Another focus on open or closed industries comes from the impact on developers. Google's development ecology is indeed continuing to increase the technological absorption, but the real progress has not been as much as Google expected the ideal, a large part of the reason is the over-closed industrial ecology, the selectivity of developers too small.
For example, Google's AI course and training program is completely targeted at TensorFlow, providing developers with hardware APIs and access to TensorFlow systems. The TensorFlow community resources and new AI development tools provided are fully deployed on Google Cloud.
In simple terms, once a developer enters the Google system, it is basically prohibited to introduce the advantages of any other company or platform on any one port. After frameworks, cloud computing and hardware triple-barrier architecture, Google's developer system has become more and more closed, and even to some extent forced developers to choose the situation.
AI is a rapidly changing, there are surprises in the world of technology, the choice of Google is equivalent to giving up the world, apparently many developers are reluctant. This point Baidu's compatibility and create the foundation is relatively better, for the developer's enabling plan is also more diverse. Many US technology companies, it seems, are also now more inclined to Baidu represented by "platform and developers to explore" mode, gradually away from the strict and rigid platform logic.

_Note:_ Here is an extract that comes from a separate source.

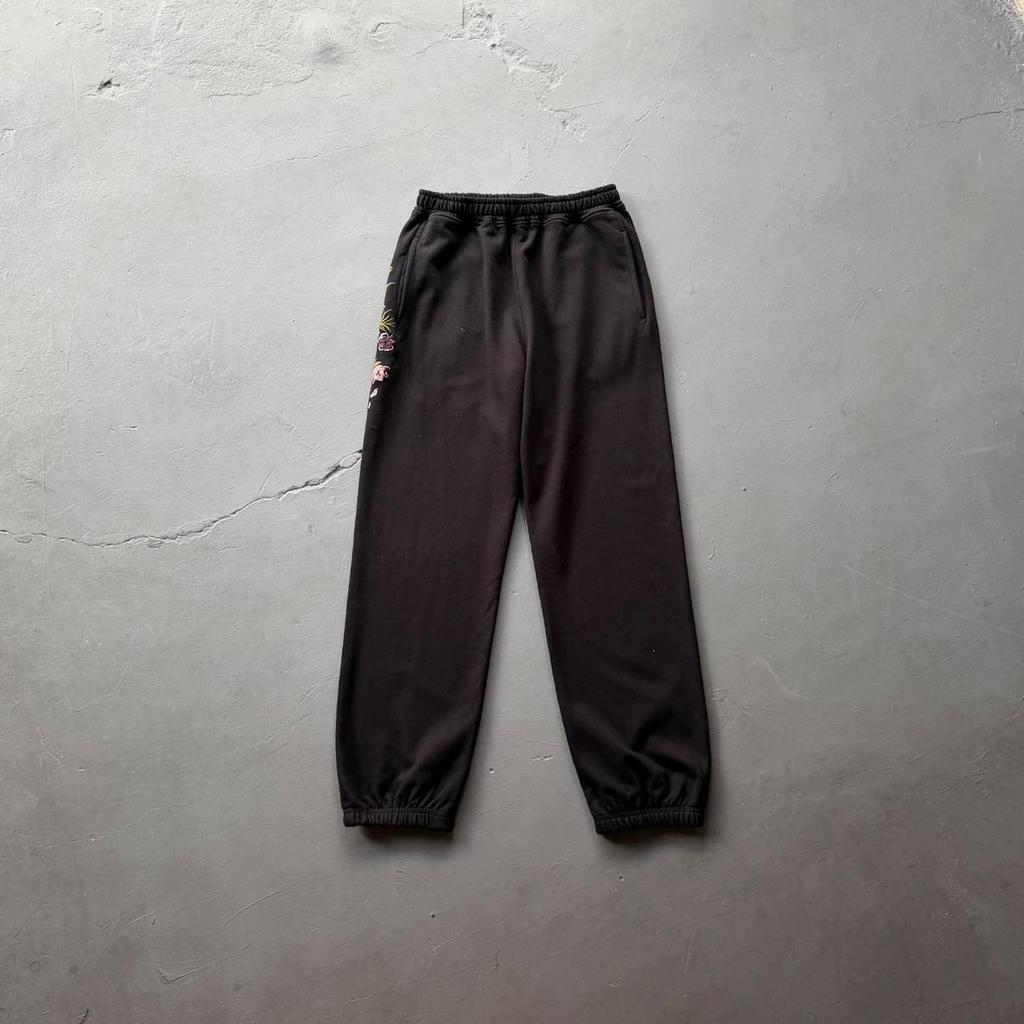 American Sweatpants Hiphop Embroidered Casual Pnat Trousers  Streetwear Men Women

In general, Google is becoming increasingly closed today, and most of the new AI forces represented by Baidu are continuing to tap the power of eco-discourse through opening up. This forms a very representative AI road, more and more companies are adjusting themselves to find ways for themselves to get along with the times. Of course, how the future is hard to judge. But constant attempts and self-doubt are in fact a symbol of a dynamic industry.
Two models of the dispute, may become 2018's AI annual drama.